On Thu, May 10, 2012 at 12:06 PM, Russell King - ARM Linux linux@arm.linux.org.uk wrote:
The question is - what would cause ALSA to hammer away at the buffer like that - checking it every 16 or 8 DMA bytes transferred? I'm also seeing around 75% system CPU time, which really isn't good.
The above was captured while aplay was running, with no apparant audio corruption.
I've had this happen, but not with aplay. I sent something to the list a few months ago about it.
The problem is triggered when writing to ALSA with writes that are unequal to the period size and using sampling rate conversion in an ALSA plugin. Code in alsa-lib will get into a loop calling poll() on the pcm fd, and ALSA's poll() calls the pointer method to figure out if there is enough buffer space free to return or if it poll() should block.
That is all fine, but rather than write more data when poll() returns, alsa-lib decides to call poll() again. So it's stuck in a tight loop calling poll() which isn't blocking. Eventually there will be enough space in the buffer that alsa will write some data and poll() will block.

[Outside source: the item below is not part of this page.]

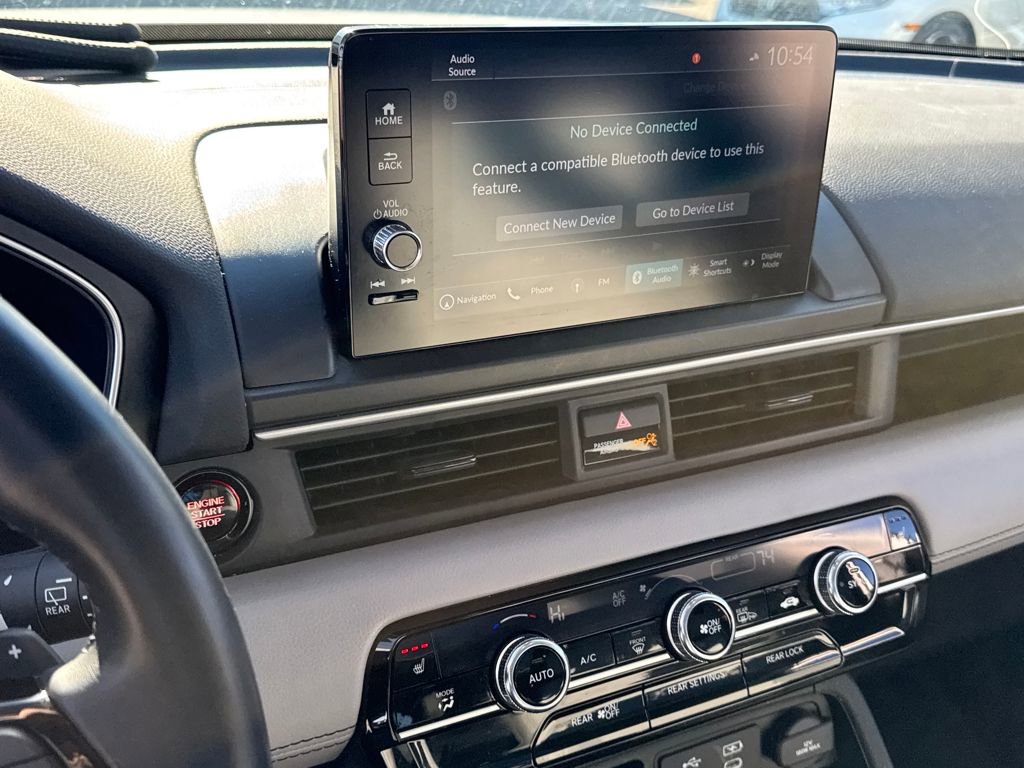 Used 2024 Honda Pilot Touring image 25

Basically poll() will return when there is at least X bytes available in the buffer. X = avail_min. ALSA will only write more data when there is at least Y bytes free in the buffer. The bug is X < Y. This only happens when sample rate conversion and only if the app doesn't call snd_pcm_writei() with full periods. While the available space in the buffer is > X and < Y, ALSA is in a tight loop calling poll() which calls the PCM's pointer method. If X == Y, then this would never happen.